- Active: 1948–1950
- Country: United States
- Branch: United States Army
- Type: Cavalry
- Role: Reconnaissance
- Garrison/HQ: Fort Worth

= 311th Armored Cavalry Regiment =

The 311th Armored Cavalry Regiment (311th ACR) was a Texas and Louisiana-based reconnaissance unit of the United States Army Organized Reserve Corps, which briefly existed after World War II. It was constituted in 1948, partially organized from existing units later that year, and inactivated in 1950.

== History ==
The 311th Armored Cavalry was constituted on 26 November 1948 in the Organized Reserve Corps, and partially organized on 17 December 1948 from existing units. Its headquarters and headquarters company (HHC) was redesignated from the headquarters and headquarters troop (HHT) of the 311th Cavalry Group, Mechanized, which had been constituted on 12 June 1944 as the 122nd Cavalry Reconnaissance Troop and activated on 21 June at the Presidio of San Francisco. After being inactivated at Camp Cooke on 14 November 1945, it was redesignated HHT, 311th Cavalry Group, Mechanized in the Organized Reserves on 2 January 1947 before being activated 8 January at Fort Worth.

The 1st Battalion was redesignated from the 319th Mechanized Cavalry Reconnaissance Squadron. It was first constituted on 21 April 1944 as the 127th Cavalry Reconnaissance Squadron and activated on 1 May at Fort Riley. It was disbanded on 26 October but reconstituted on 2 January 1947 in the Organized Reserves and activated on 17 January 1947 at New Orleans. On 17 January 1949, the 1st Battalion was moved to Monroe. In January 1950, the battalion was commanded by Major Robert E. Foster, Jr.

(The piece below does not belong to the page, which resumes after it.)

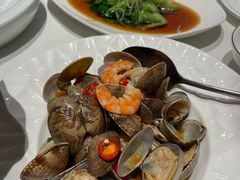 -闽海肴(北辰荟店)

The 1st Battalion inactivated on 8 March 1950 at Monroe, followed by its HHC and Company C on 13 October. The regiment's HHC was inactivated on 22 November at Fort Worth. The 311th ACR was disbanded on 10 March 1952.

The 311th ACR did not inherit the lineage of the prewar 311th Cavalry Regiment, and was not authorized a coat of arms or distinctive unit insignia.